2/25/2016

1930 Martin 5-17T Tenor Guitar






Update: Per request, I added a second soundclip of this instrument strung lower in GDAE tuning.

I have a soft spot for mahogany-topped Martins. This 5-17T is a fiery little thing and came in pretty close to spec as far as playability was concerned... but did need a fret level/dress, two 3" hairline cracks cleated/filled, a bit of compensation added to the saddle, new pins, and a good setup. After all the adjustments, too, its volume jumped right up and the tone rounded-up with a bit more lower-mids and overall punch. I love how that happens.

I think these earlier, banjo-peg-equipped size 5 tenors are probably the friendliest small-body tenors made. They're easy on the eye and easy on the lap, but were definitely intended for CGDA tuning (or DGBE, for that matter). I'm not a fan of these tuned to octave-mandolin GDAE range as the bass is a bit too tight -- but in the higher, more standard, tunings chords gel into a nice thick bite and lead work sounds smooth and saucy.


The body is 11 1/4" across the lower bout and it has a 22 7/8" scale length. I've currently strung it 30w, 22w, 16, 12 for DGBE tuning.
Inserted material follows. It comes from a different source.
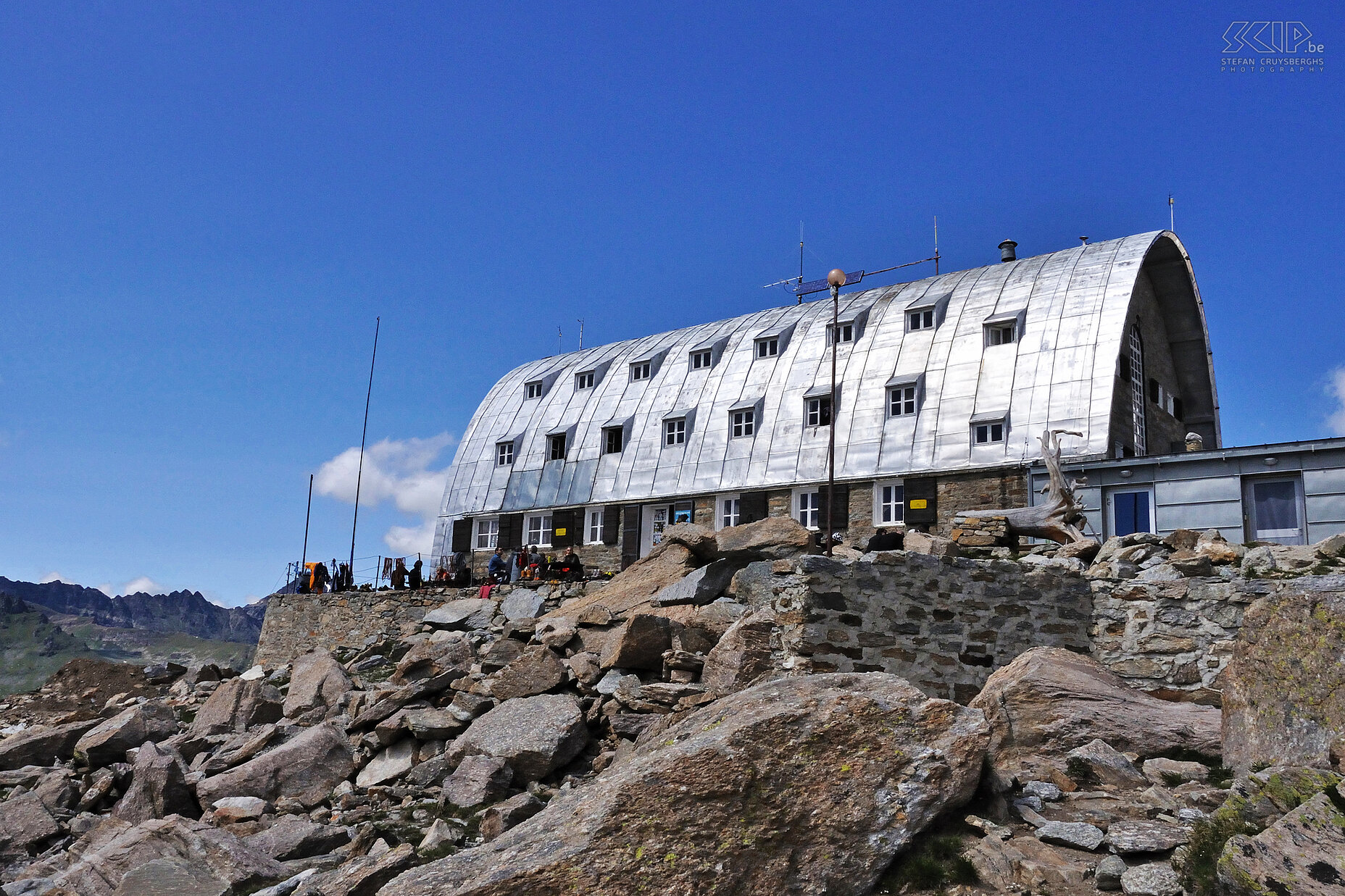 Rifugio Vittorio Emanuele II Rifugio Vittorio Emanuele II is de meest legendarische hut in het hele gebied van de Gran Paradiso. Het is er een komen en gaan van alpinisten die terugkomen van de top van de Gran Paradiso of zij die de volgende ochtend de beklimming zullen aanvatten. Stefan Cruysberghs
It's all-original save for a new set of ebony bridge pins and endpin.


1 3/16" ebony nut, rosewood headstock veneer, and classy old two-tab geared banjo pegs...


The rosewood board has those cream "micro dots" and the original bar frets -- which were full height and have plenty of height left. My level/dress job was quite light.



The only nod to decoration is the one-ring rosette.


The bridge is good to go and before I set this up I filled/redrilled the pinholes to seat the ball-ends nice and pat. The saddle is now compensated for two-wound/two-plain stringing.


The saddle was its full original height when it got here and remains so. This is what these bridges look like as-original. In old-time and bluegrass circles there's a tendency to want really tall bridges and saddles -- things that most old guitars never had originally.

I consider it mostly a "feel" preference compared to a tonal superiority preference. As far as I'm concerned, the most important element in coaxing power from any pin-bridge guitar is to have decent back-angle behind the saddle so the strings drive the top in a "wave" motion more efficiently.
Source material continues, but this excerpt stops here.